Saved entries:
*-*-*
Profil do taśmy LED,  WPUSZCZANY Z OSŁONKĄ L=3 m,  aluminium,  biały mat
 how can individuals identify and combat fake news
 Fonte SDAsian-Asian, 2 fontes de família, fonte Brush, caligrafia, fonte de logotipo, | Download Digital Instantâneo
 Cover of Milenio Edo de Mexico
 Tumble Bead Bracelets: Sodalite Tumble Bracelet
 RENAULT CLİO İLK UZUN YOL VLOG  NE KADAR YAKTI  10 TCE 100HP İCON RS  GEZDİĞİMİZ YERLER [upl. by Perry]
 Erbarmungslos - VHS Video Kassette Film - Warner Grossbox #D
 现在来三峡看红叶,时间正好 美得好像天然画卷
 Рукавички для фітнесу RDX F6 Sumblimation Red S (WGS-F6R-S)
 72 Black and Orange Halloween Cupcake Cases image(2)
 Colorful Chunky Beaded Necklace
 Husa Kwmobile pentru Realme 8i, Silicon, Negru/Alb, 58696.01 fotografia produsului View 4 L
*-*-*
WHAT NEEDS TO BE DONE: What you return must match, line for line, the data from the line containing "Рукавички для фітнесу" to its end, both ends included.

RESPONSE:
 Рукавички для фітнесу RDX F6 Sumblimation Red S (WGS-F6R-S)
 72 Black and Orange Halloween Cupcake Cases image(2)
 Colorful Chunky Beaded Necklace
 Husa Kwmobile pentru Realme 8i, Silicon, Negru/Alb, 58696.01 fotografia produsului View 4 L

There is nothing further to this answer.